От дворовых нет поклона,
Шапки набекрень,
И работника Семена
Плутовство и лень.
На полях чужие гуси,
Дерзость гусенят, —
Посрамленъе, гибель Руси,
И разврат, разврат!..
Читатель помнит огромной лирической силы концовку стихотворения Фета, и по сравнению с нею заключительное двустишие Минаева производит неудержимо комическое впечатление.

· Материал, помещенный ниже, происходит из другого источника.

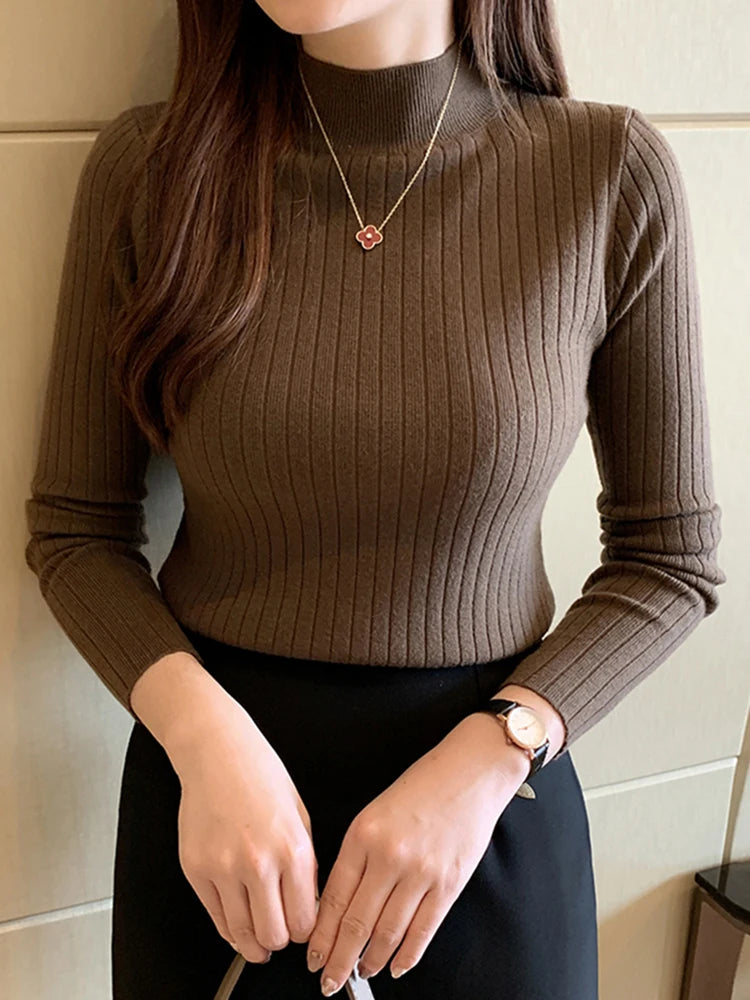 2026 New Autumn Winter Knitted Ribbed Jumper Tops Women Turtleneck Pullovers Sweaters Long Sleeve Korean Slim-fit Female Sweater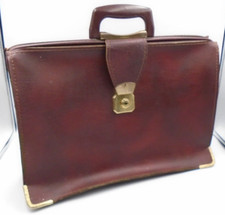 Vintage Cheney Doctors Gladstone Bag Briefcase Burrow Brown Faux Leather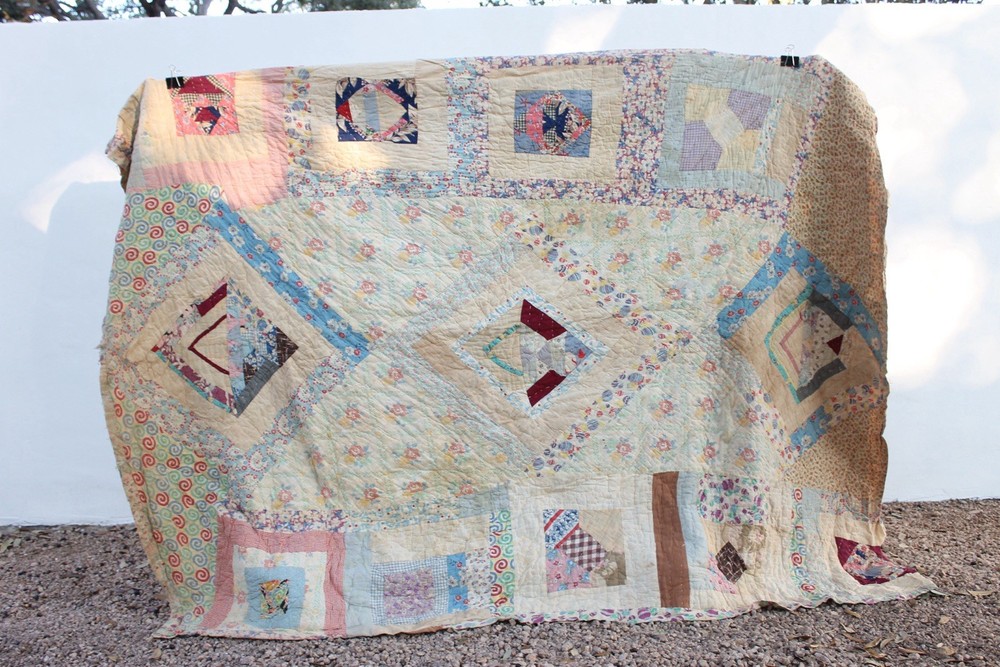 Antique Double Sided Scrap Frame Medallion Patchwork Quilt RARE
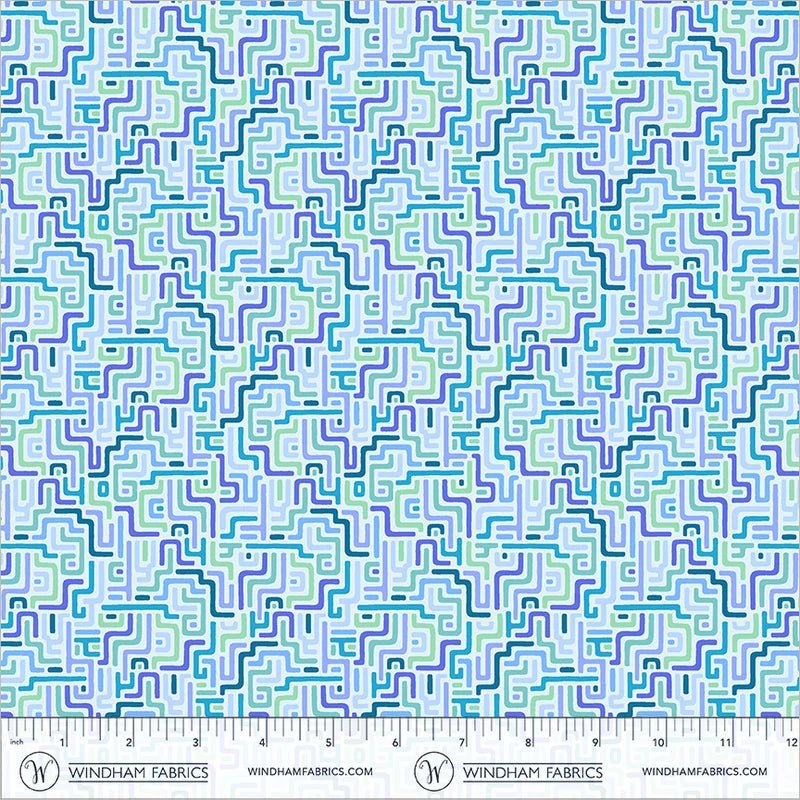 PRE-Order Tamara Kate- The Botanist - Labyrinth 55761-18 Waterway - Half Yard- June 2027 - Modern Fabric Shoppe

В другой пародии Минаев сыграл на контрасте между биографией поэта и его творчеством (вспомним, что Фет долгое время служил кавалерийским офицером).
Топот, радостное ржанье,
Стройный эскадрон,
Трель горниста, колыханье
Веющих знамен <...>
Амуниция в порядке,
Отблеск серебра, —
И марш-марш во все лопатки,
И ура, ура!..
3. Достоевский в своего рода притче тоже размышлял об этом стихотворении: «Предположим, что мы переносимся в восемнадцатое столетие, именно в день лиссабонского землетрясения. Половина жителей в Лиссабоне погибнет; дома разваливаются и проваливаются; имущество гибнет... Жители толкаются по улицам в отчаянии, пораженные, обезумевшие от ужаса. В Лиссабоне живет в это время какой-нибудь известный португальский поэт. На другой день утром выходит номер лиссабонского «Меркурия»... Номер журнала, появившегося в такую минуту, возбуждает даже некоторое любопытство в несчастных лиссабонцах, несмотря на то, что им в эту минуту не до журналов; надеются, что номер вышел нарочно, чтоб дать некоторые известия о погибших, о пропавших без вести и проч. и проч. И вдруг — на самом видном месте листа бросается всем в глаза что-нибудь вроде следующего:
Шепот, робкое дыханье,
Трели соловья,
Серебро и колыханье
Сонного ручья...
...Не знаю наверно, как приняли бы свой «Меркурий» лиссабонцы, но мне кажется, они тут же казнили бы всенародно, на площади, своего знаменитого поэта, потому что вместо трелей соловья накануне по землей слышались такие трели, а колыхание ручья появилось в минуту такого колыхания целого города, что у бедных лиссабонцев не только не осталось охоты наблюдать «в дымных тучках пурпур розы» или «отблеск янтаря» , но даже показался слишком оскорбительным и небратским поступок поэта, воспевающего такие забавные вещи в такую минуту их жизни…» Но через столько-то лет после казни поэта, продолжает Достоевский, лиссабонцы «поставили бы ему на площади памятник за его удивительные стихи... Поэма, за которую казнили поэта... принесла, может быть, даже немалую пользу лиссабонцам, возбуждая в них потом эстетический восторг и чувство красоты, и легла благотворной росой на души молодого поколения». «Выходит, что не искусство было виновато в день лиссабонского землетрясения», «а поэт, злоупотребивший искусство в ту минуту, когда было не до него».